Tick season in full swing!
March 19th, 2016
Today, Alan was scratching Little Sadie’s neck, and found a lump. We corralled her, dumped her over, and did an inspection, and it was a slightly engorged tick. Got all of it out rather easily.
But isn’t this a bit early? YES!! Another climate change impact. Turns out the tick season here usually starts in May. Not long ago, it was June 13:
Tick season starts full throttle in Minnesota
All of you with dogs, time to start fighting those ticks, starting with a head to tail inspection, right NOW!
Summer’s Dog Days…
August 28th, 2012
It’s hard to be a dog. Summer’s having a rough time, not emissions compliant, and most days, she can’t walk after sunset, some days, it’s earlier. Yesterday we took her to the chiropractor again, Moe Body Works on Lyndale, Dr. Moses Smith. I HIGHLY recommend her. The problem is that Summer is getting older and losing it, she’s 13.5 and that’s an OLD shep. Hundreds of years old. She was adjusted head to tail, and I heard some loud cracks. She did trot out, which is good, but she’s just not doing well, and her body is not working and there’s just not much to do for her — she’s on pee pills, getting adjusted, her tumor is gone thanks to Summer herself, but her belly is rounded with fluid, her legs are working less and less, she’s pretty much deaf, and her eyes are going. She still gets really worked up about her food and water, and yes, she is smiling almost all the time — that is a major criteria of dog happiness. Lately she’s spending most nights in her jail, which she doesn’t like, but she can’t do stairs late in the day. We’d gotten out the sling and are using that now and then, she needed it yesterday to get out and pee. This morning she was able to get herself up, with some trouble and some help, and she got out the door, but left a trail of poops. Today the baby gate gets installed at the bottom of the stairs so she stays downstairs, which she isn’t going to like because she spends her day at my feet under the desk. And it’s worse for me than it is for her, it’s hard to see her decline.

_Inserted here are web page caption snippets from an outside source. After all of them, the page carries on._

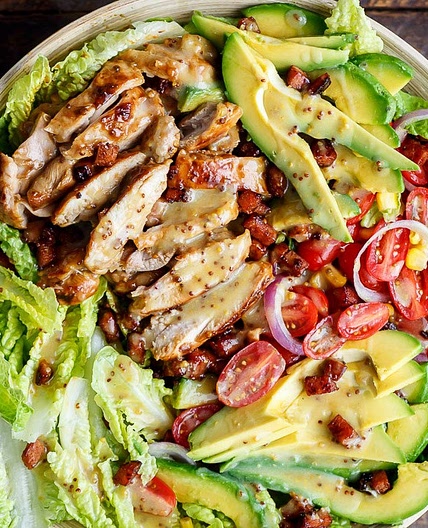 Salade au poulet, avocat et bacon avec une vinaigrette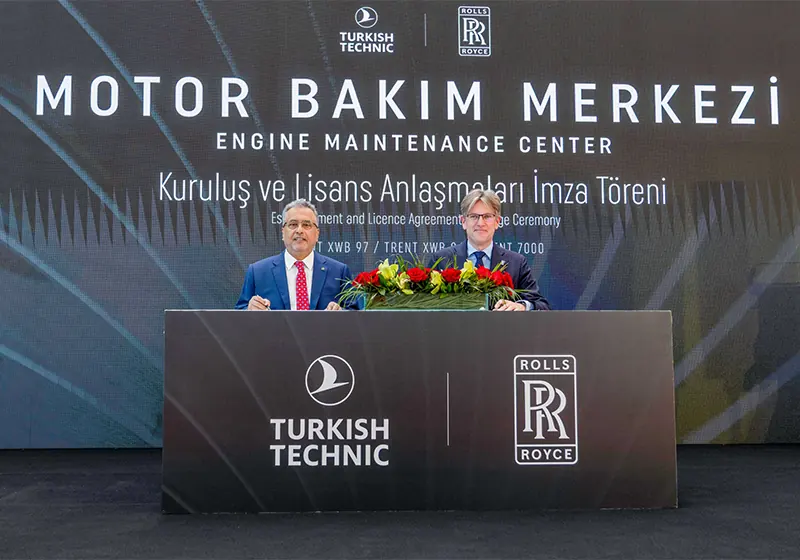 Turkish Technic Chairperson of the Board and the Executive Committee Ahmet Bolat (L) and Rolls-Royce Civil Aviation President Rob Watson (R)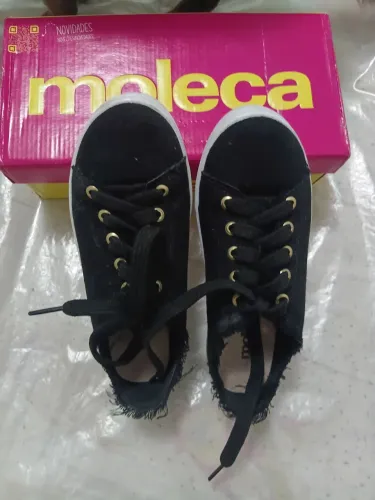 Tênis da Moleca número 34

And then Kady, the cruise control middle dog, had a mishap and yanked her toenail out, most but not all the way, and it hurt like hell, she was hopping around in the grass, anywhere where the toenail would touch (hard floors, cement, that was OK, just limping), and bleeding all over, little toe prints:
So after the chiro in Minneapolis, then we headed down to Kenyon Vet Clinic, where she got the Michael Jackson propofol treatment and got her toenail yanked. She was out for a while, and had that cross-eyed smiley utterly wasted look for a while. Kady Kate’s not moonwalking today, back to normal.

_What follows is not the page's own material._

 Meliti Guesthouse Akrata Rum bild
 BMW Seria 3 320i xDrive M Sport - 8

Dogs took all day yesterday!
And our Little Sadie is just fine, whew!
Pack time!
May 11th, 2011
Summer is doing so well, she’s got the “going outside” thing down, has learned “sit” and “wait” and is working on “down” (on command, she spends a lot of time in “down” naturally), and is working things out with Kady. Right now, all three are surrounding my chair, black and tan office rug, even Sadie, who usually spends the day upstairs with Alan.
Three dogs take a lot of time, especially if they’re not on the same schedule. Here they are today, in sync! Summer’s first walk on a Gentle Leader, she’s a lot peppier than we expected, and she’ll be doing some walking in her old age. What a relief!!!